Information provided section start
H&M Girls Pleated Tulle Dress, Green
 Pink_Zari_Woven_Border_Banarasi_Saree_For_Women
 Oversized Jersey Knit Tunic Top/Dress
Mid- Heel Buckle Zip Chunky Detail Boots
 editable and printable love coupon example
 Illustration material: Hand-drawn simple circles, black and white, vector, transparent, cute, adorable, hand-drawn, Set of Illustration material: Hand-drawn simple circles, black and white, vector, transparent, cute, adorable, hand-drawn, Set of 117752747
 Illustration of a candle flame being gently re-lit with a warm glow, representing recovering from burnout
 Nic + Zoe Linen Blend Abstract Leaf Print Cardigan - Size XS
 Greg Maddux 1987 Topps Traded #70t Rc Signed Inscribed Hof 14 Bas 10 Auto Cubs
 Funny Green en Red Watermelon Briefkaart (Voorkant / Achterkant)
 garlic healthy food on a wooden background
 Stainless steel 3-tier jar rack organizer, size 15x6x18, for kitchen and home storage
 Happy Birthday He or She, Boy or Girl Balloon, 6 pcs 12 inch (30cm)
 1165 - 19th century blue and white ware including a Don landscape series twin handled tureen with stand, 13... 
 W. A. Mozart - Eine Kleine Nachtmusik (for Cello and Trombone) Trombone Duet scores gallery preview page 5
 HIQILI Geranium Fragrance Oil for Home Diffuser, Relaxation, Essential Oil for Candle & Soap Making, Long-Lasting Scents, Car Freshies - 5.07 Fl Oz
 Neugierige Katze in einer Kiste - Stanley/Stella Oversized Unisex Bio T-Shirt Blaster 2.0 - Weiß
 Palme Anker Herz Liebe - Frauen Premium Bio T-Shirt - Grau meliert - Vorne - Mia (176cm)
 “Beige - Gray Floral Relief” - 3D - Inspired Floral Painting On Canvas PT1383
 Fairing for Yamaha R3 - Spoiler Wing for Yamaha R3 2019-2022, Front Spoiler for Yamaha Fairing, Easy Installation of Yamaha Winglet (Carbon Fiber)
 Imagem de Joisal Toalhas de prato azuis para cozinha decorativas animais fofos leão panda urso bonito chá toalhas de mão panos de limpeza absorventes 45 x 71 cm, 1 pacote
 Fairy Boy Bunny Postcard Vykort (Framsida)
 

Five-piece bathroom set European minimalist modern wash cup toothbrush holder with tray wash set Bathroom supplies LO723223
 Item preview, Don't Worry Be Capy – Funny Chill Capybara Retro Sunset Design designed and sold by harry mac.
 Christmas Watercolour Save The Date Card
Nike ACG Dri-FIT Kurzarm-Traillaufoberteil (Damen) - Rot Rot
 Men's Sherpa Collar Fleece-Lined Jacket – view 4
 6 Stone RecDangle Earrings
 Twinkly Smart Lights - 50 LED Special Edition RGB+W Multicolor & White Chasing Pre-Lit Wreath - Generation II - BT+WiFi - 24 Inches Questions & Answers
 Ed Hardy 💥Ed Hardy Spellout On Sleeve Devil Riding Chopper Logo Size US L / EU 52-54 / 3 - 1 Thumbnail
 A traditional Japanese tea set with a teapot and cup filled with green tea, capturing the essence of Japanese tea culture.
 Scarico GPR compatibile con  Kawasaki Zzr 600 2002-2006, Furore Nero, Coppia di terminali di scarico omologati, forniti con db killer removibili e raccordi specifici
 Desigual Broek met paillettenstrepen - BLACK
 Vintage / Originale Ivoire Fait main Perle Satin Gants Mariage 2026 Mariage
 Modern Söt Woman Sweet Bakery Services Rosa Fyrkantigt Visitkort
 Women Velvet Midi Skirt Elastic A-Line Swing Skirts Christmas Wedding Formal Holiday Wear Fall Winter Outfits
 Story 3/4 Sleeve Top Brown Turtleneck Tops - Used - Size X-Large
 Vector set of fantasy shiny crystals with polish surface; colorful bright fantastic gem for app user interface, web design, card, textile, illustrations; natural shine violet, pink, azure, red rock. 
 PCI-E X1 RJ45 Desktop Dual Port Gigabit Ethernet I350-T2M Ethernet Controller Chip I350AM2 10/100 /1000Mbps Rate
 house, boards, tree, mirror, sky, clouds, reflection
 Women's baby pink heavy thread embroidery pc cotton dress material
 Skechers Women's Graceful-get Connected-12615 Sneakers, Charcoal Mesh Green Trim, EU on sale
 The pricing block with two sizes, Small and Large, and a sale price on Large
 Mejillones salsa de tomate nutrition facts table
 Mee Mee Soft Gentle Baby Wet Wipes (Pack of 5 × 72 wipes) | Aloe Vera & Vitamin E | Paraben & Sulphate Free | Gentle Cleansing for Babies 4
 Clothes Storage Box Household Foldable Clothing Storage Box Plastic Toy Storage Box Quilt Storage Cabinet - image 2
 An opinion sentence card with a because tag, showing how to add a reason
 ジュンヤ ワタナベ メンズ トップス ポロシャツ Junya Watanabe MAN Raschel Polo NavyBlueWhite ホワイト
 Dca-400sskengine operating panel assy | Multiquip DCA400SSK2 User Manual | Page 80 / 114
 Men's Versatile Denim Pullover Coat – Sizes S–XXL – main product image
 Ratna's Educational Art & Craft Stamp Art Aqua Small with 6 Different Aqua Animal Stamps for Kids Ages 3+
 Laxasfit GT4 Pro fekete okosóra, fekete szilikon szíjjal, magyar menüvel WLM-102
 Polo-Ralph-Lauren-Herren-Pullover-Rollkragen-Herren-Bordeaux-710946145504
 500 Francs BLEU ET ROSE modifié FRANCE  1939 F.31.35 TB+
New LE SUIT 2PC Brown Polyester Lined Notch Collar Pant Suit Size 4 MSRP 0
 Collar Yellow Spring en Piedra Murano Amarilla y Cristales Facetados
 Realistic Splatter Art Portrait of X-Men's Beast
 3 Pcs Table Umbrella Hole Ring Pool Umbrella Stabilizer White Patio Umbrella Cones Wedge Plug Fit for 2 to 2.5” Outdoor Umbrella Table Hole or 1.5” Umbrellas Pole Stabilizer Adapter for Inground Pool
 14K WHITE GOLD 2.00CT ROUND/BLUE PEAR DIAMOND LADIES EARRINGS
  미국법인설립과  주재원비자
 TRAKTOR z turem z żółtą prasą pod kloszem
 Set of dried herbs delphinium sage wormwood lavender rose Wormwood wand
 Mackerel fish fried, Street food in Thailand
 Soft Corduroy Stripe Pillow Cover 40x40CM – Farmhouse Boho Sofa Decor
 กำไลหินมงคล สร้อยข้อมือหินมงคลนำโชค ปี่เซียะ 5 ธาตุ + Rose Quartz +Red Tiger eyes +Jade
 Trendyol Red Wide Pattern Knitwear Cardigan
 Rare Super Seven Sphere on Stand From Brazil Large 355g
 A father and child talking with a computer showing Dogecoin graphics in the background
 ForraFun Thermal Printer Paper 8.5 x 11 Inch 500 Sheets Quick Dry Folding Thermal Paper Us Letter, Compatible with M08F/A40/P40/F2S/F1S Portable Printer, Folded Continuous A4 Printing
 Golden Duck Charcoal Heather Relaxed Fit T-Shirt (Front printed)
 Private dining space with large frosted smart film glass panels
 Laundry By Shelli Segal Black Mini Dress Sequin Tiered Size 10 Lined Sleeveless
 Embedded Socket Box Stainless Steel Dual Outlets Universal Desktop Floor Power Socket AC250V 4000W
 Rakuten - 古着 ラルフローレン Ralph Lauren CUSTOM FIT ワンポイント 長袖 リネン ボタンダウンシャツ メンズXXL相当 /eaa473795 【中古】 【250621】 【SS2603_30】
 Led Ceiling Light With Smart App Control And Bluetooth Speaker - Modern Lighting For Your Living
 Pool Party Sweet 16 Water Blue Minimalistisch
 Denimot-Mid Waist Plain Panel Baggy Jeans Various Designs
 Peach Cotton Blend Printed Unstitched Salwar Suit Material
Information provided section end
* What needs to be done *
From the entries above, restate word for word the lines from the line containing "Men's Versatile Denim" to the line containing "ForraFun Thermal Printer", both ends included, and nothing more.

* Response box *
 Men's Versatile Denim Pullover Coat – Sizes S–XXL – main product image
 Ratna's Educational Art & Craft Stamp Art Aqua Small with 6 Different Aqua Animal Stamps for Kids Ages 3+
 Laxasfit GT4 Pro fekete okosóra, fekete szilikon szíjjal, magyar menüvel WLM-102
 Polo-Ralph-Lauren-Herren-Pullover-Rollkragen-Herren-Bordeaux-710946145504
 500 Francs BLEU ET ROSE modifié FRANCE  1939 F.31.35 TB+
New LE SUIT 2PC Brown Polyester Lined Notch Collar Pant Suit Size 4 MSRP 0
 Collar Yellow Spring en Piedra Murano Amarilla y Cristales Facetados
 Realistic Splatter Art Portrait of X-Men's Beast
 3 Pcs Table Umbrella Hole Ring Pool Umbrella Stabilizer White Patio Umbrella Cones Wedge Plug Fit for 2 to 2.5” Outdoor Umbrella Table Hole or 1.5” Umbrellas Pole Stabilizer Adapter for Inground Pool
 14K WHITE GOLD 2.00CT ROUND/BLUE PEAR DIAMOND LADIES EARRINGS
  미국법인설립과  주재원비자
 TRAKTOR z turem z żółtą prasą pod kloszem
 Set of dried herbs delphinium sage wormwood lavender rose Wormwood wand
 Mackerel fish fried, Street food in Thailand
 Soft Corduroy Stripe Pillow Cover 40x40CM – Farmhouse Boho Sofa Decor
 กำไลหินมงคล สร้อยข้อมือหินมงคลนำโชค ปี่เซียะ 5 ธาตุ + Rose Quartz +Red Tiger eyes +Jade
 Trendyol Red Wide Pattern Knitwear Cardigan
 Rare Super Seven Sphere on Stand From Brazil Large 355g
 A father and child talking with a computer showing Dogecoin graphics in the background
 ForraFun Thermal Printer Paper 8.5 x 11 Inch 500 Sheets Quick Dry Folding Thermal Paper Us Letter, Compatible with M08F/A40/P40/F2S/F1S Portable Printer, Folded Continuous A4 Printing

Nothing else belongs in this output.